INPUT below:

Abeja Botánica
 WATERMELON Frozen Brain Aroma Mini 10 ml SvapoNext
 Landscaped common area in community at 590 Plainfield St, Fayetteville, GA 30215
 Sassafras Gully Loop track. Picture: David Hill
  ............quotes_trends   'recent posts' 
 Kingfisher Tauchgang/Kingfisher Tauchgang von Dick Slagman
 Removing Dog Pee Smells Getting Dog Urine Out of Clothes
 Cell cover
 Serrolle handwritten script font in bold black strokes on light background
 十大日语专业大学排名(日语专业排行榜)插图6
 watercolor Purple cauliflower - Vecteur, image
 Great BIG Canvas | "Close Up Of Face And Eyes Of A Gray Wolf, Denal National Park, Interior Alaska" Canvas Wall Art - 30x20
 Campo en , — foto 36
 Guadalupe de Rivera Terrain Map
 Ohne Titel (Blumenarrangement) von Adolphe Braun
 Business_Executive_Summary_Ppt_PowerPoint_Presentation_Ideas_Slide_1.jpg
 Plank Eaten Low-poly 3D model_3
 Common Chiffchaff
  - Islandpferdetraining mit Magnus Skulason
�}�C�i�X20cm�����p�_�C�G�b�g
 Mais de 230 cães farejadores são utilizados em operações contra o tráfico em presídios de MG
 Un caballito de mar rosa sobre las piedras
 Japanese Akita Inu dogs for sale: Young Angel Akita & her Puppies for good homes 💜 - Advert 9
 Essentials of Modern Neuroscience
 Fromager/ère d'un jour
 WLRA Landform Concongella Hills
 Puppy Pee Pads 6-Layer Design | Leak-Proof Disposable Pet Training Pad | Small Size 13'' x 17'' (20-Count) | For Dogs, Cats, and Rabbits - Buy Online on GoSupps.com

End of INPUT.

> [EXERCISE AIM]: Copy the records out again word for word.

> [THE ANSWER]:
Abeja Botánica
 WATERMELON Frozen Brain Aroma Mini 10 ml SvapoNext
 Landscaped common area in community at 590 Plainfield St, Fayetteville, GA 30215
 Sassafras Gully Loop track. Picture: David Hill
  ............quotes_trends   'recent posts' 
 Kingfisher Tauchgang/Kingfisher Tauchgang von Dick Slagman
 Removing Dog Pee Smells Getting Dog Urine Out of Clothes
 Cell cover
 Serrolle handwritten script font in bold black strokes on light background
 十大日语专业大学排名(日语专业排行榜)插图6
 watercolor Purple cauliflower - Vecteur, image
 Great BIG Canvas | "Close Up Of Face And Eyes Of A Gray Wolf, Denal National Park, Interior Alaska" Canvas Wall Art - 30x20
 Campo en , — foto 36
 Guadalupe de Rivera Terrain Map
 Ohne Titel (Blumenarrangement) von Adolphe Braun
 Business_Executive_Summary_Ppt_PowerPoint_Presentation_Ideas_Slide_1.jpg
 Plank Eaten Low-poly 3D model_3
 Common Chiffchaff
  - Islandpferdetraining mit Magnus Skulason
�}�C�i�X20cm�����p�_�C�G�b�g
 Mais de 230 cães farejadores são utilizados em operações contra o tráfico em presídios de MG
 Un caballito de mar rosa sobre las piedras
 Japanese Akita Inu dogs for sale: Young Angel Akita & her Puppies for good homes 💜 - Advert 9
 Essentials of Modern Neuroscience
 Fromager/ère d'un jour
 WLRA Landform Concongella Hills
 Puppy Pee Pads 6-Layer Design | Leak-Proof Disposable Pet Training Pad | Small Size 13'' x 17'' (20-Count) | For Dogs, Cats, and Rabbits - Buy Online on GoSupps.com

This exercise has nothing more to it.